Prompt: Among the entries below, which lines run from the line with "vidaXL Coș gabion" through the line with "White Merry Christmas"? Retype those, both ends included, exactly and without pictures.

Records for this exercise:
******************************

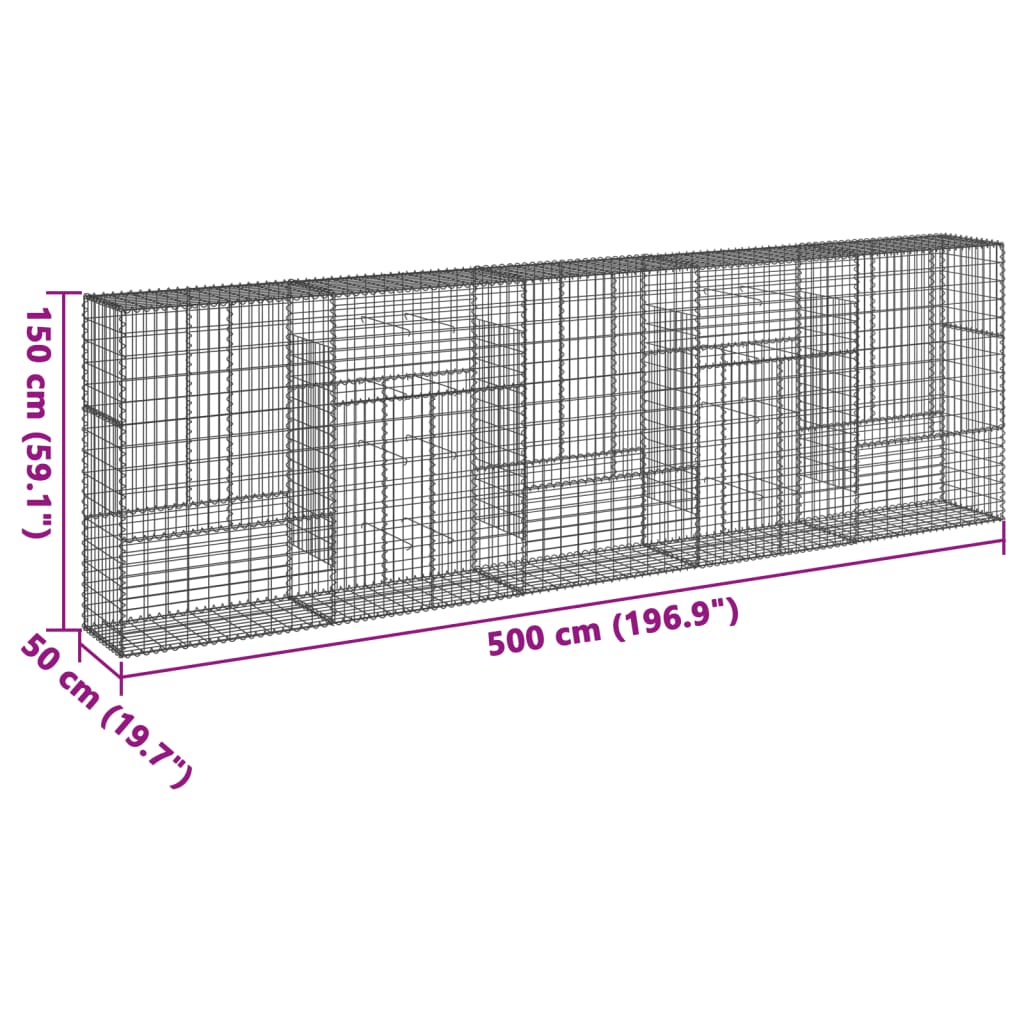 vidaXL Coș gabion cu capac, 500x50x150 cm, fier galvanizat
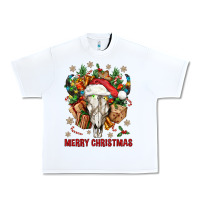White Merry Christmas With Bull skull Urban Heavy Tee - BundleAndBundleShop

******************************

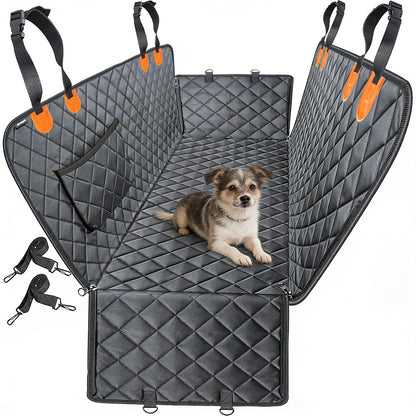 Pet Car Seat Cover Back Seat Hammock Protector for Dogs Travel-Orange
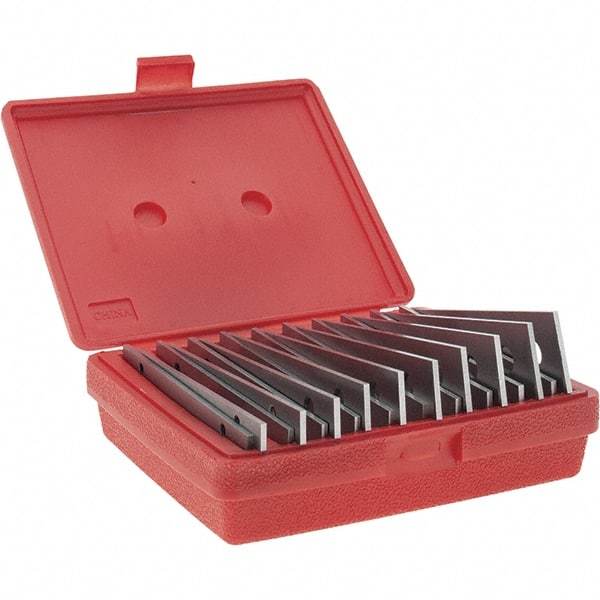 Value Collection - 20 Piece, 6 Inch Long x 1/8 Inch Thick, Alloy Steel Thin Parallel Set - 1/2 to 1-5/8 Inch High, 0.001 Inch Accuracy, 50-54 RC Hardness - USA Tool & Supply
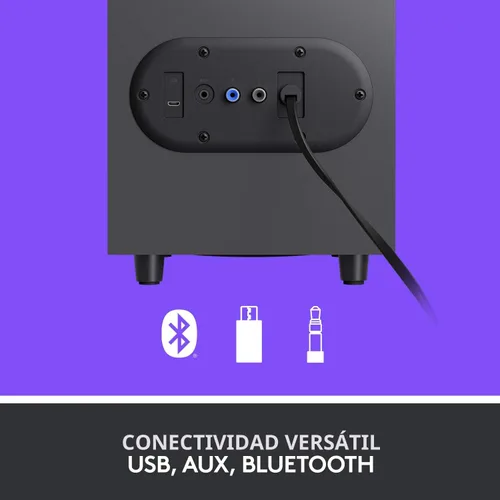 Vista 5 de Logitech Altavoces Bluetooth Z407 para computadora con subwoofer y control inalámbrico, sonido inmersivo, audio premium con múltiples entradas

******************************

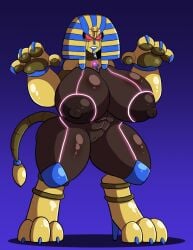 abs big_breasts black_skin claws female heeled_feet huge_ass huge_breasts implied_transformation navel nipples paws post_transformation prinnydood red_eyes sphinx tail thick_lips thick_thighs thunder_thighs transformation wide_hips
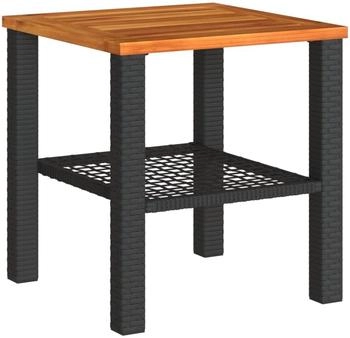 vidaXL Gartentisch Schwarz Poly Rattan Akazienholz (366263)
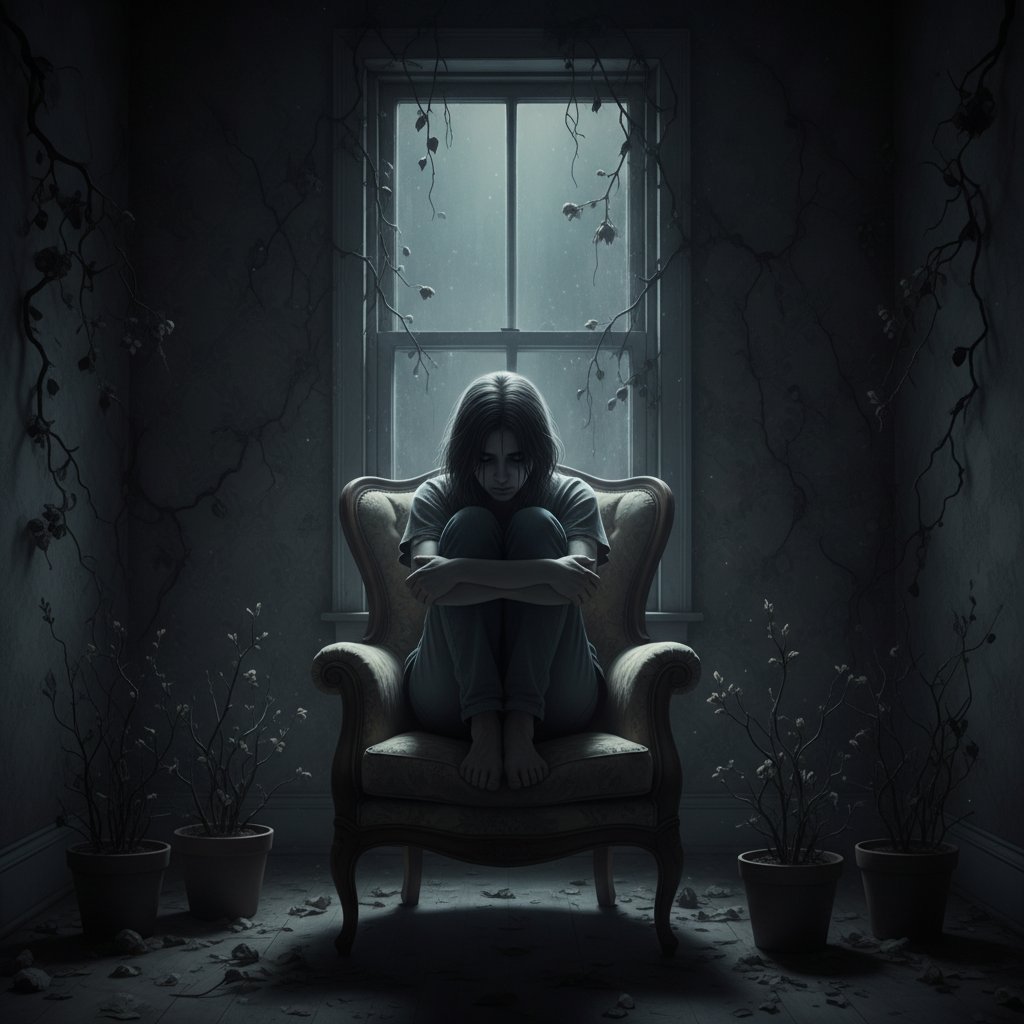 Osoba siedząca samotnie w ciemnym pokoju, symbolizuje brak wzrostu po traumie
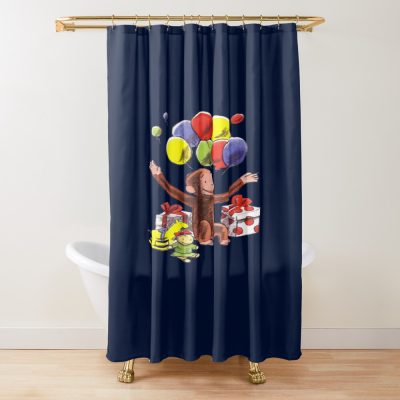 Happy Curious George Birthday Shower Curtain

******************************

Answer to the exercise:
 vidaXL Coș gabion cu capac, 500x50x150 cm, fier galvanizat
White Merry Christmas With Bull skull Urban Heavy Tee - BundleAndBundleShop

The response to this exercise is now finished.